Fragen und Antworten zu Omikron: Wie hoch wird die Wand?
In Spanien, Italien oder Frankreich bestimmt Omikron das Infektionsgeschehen. Nun geht es auch hierzulande richtig los.
1. Täglich 100.000, 200.000, 300.000 Infizierte – wie hoch werden die Zahlen eigentlich noch steigen?
92.223 Neuinfektionen meldete das Robert Koch-Institut (RKI) binnen 24 Stunden am Freitag, die 7-Tage-Inzidenz stieg auf 470,6. Und ein Ende des Anstiegs ist nicht absehbar. Das wöchentliche Wachstum liegt jetzt schon seit einer Woche beständig bei über 50, manchmal gar über 60 Prozent. Schon in der kommenden Woche dürften es 100.000 Infektionen sein, in zwei Wochen 160.000 – im Schnitt wohlgemerkt. An einzelnen Tagen würden die Werte noch deutlich höher liegen. Aber geht es so weiter? Flacht der Anstieg ab? Oder werden wir wie aktuell in Frankreich bald 300.000 Infektionen sehen?
„Wir wissen nicht genau, was passieren wird“, antwortet mit großer Ehrlichkeit Helmut Küchenhoff, Professor am Institut für Statistik der Ludwig Maximilians Universität München, dessen COVID-19 Data Analysis Group die Coronazahlen genauestens analysiert. Ein Blick in andere Länder zeigt: In Deutschland verläuft die Ausbreitung bislang langsamer, weil einige Schutzmaßmahmen noch gelten, die in anderen Ländern aufgehoben wurden. In Frankreich liegt die Inzidenz aktuell bei 4.400, also fast zehnmal höher als hierzulande, in Dänemark bei 3.600, in den USA bei 2.400. Aufschlussreicher sind die Zahlen aus Südafrika, wo Omikron entdeckt wurde, und aus Großbritannien, das als erstes Land in Europa betroffen war.
In beiden Ländern stieg die Fallzahl exakt einen Monat lang fast explosionsartig an, stagnierte dann ein paar Tage und begann schließlich langsam zu sinken. Doch während sich bei den Briten die Inzidenz nur vervierfacht hat, kletterte sie in Südafrika um das 70-Fache.

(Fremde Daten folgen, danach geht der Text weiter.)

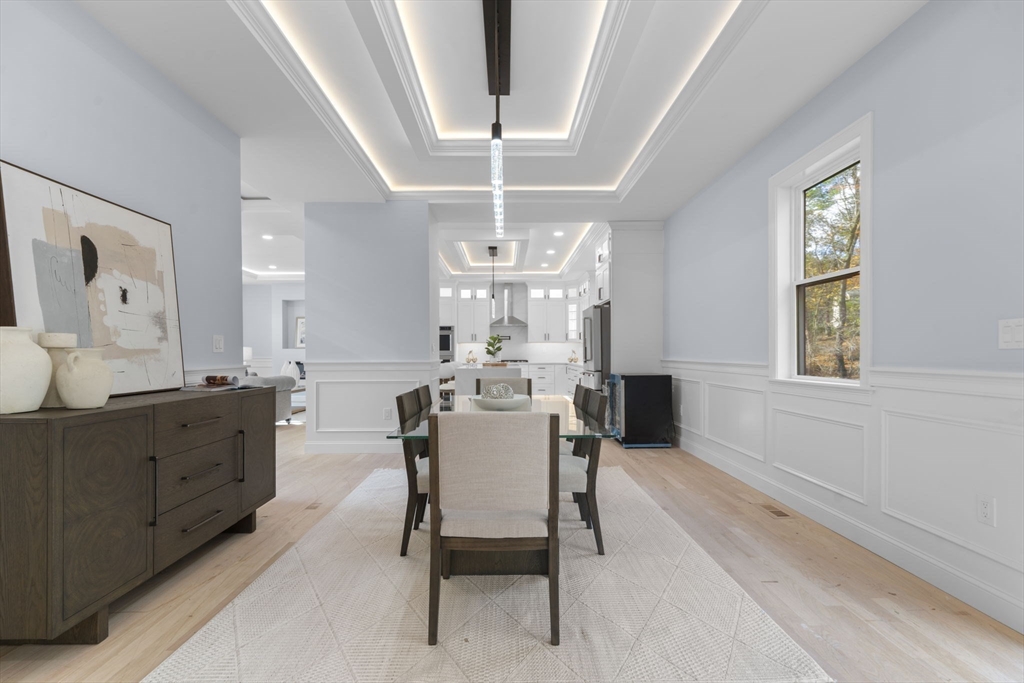 Bedford, Massachusetts, 01730, United States, 4 Bedrooms Bedrooms, ,5 BathroomsBathrooms,Residential,For Sale,1989908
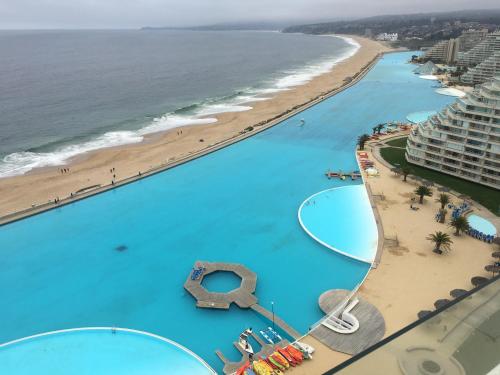 a view of the beach from the top of the resort at Duplex Jacuzzi San Alfonso del Mar in Algarrobo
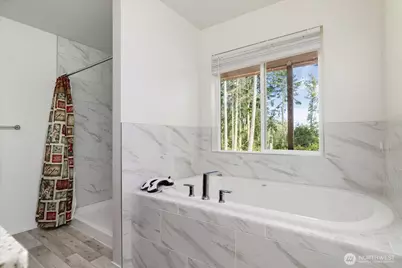 1012 Star Flower Road, Oak Harbor, WA 98277 - Photo 12
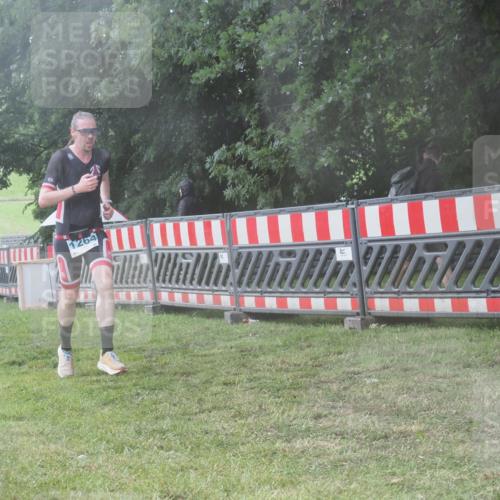 21.06.2025 - 27. Vierlanden-Triathlon KatJ http://msf.ph/oto/8040968 15.06.2025 14:30:06 Ziel 1168, 1264 meine-sportfotos.de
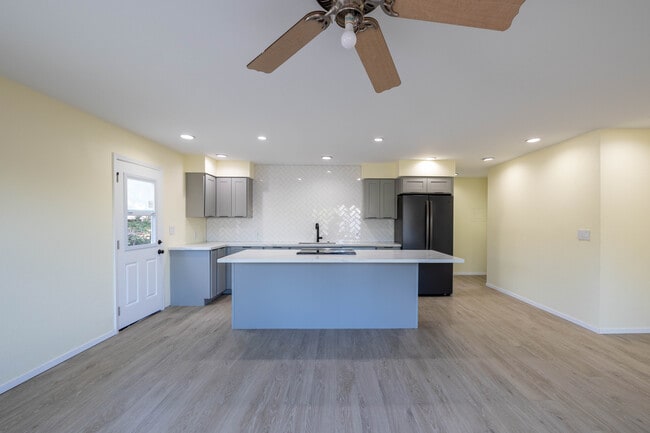 Building Photo - 68-1878-1878 Pau Nani St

In den USA und in Frankreich hat sich die Inzidenz etwa versechsfacht und steigt weiter. Eine Versechsfachung von Ende Dezember bis Ende Januar würde ebenfalls in etwa 160.000 Fälle im Tagesschnitt bedeuten. Allerdings ist es fraglich, ob dieser Wert hierzulande überhaupt gemessen werden kann, da er die vergleichsweise geringe Kapazität der Testlabore überschreitet.
2. Eine Tausender-Inzidenz hätte vor ein paar Wochen noch die Katastrophe bedeutet. Was genau ist jetzt anders?
Wer die Schwere des Pandemieverlaufs unter Omikron begreifen will, muss zwangsläufig auf andere Daten als die Infektionen zurückgreifen. Statistiker Küchenhoff hält die Zahl der Krankenhausneuaufnahmen für den besten Indikator. Und die lässt sogar ein wenig hoffen. „Es gibt deutliche Hinweise sowohl aus internationalen Studien als auch aus unseren ersten Analysen von Daten aus Deutschland, dass die Infektionen mit Omikron deutlich milder verlaufen als bei früheren Varianten.“
Das zeigen auch Zahlen des RKI. Demnach mussten im Herbst rund 6 Prozent aller Infizierten im Krankenhaus behandelt werden. Bei allen vom RKI analysierten Omikron-Fällen sind es bisher etwas weniger als ein Prozent – also sechsmal weniger als bisher. Die Zahl der Schwersterkrankten, die auf Intensivstationen behandelt werden müssen, ist seit Wochen sogar kontinuierlich gesunken. Selbst in den aktuell am schwersten von Omikron betroffenen Bundesländern Bremen, Berlin und Schleswig-Holstein ist bisher kein oder allenfalls ein kleiner Anstieg zu beobachten.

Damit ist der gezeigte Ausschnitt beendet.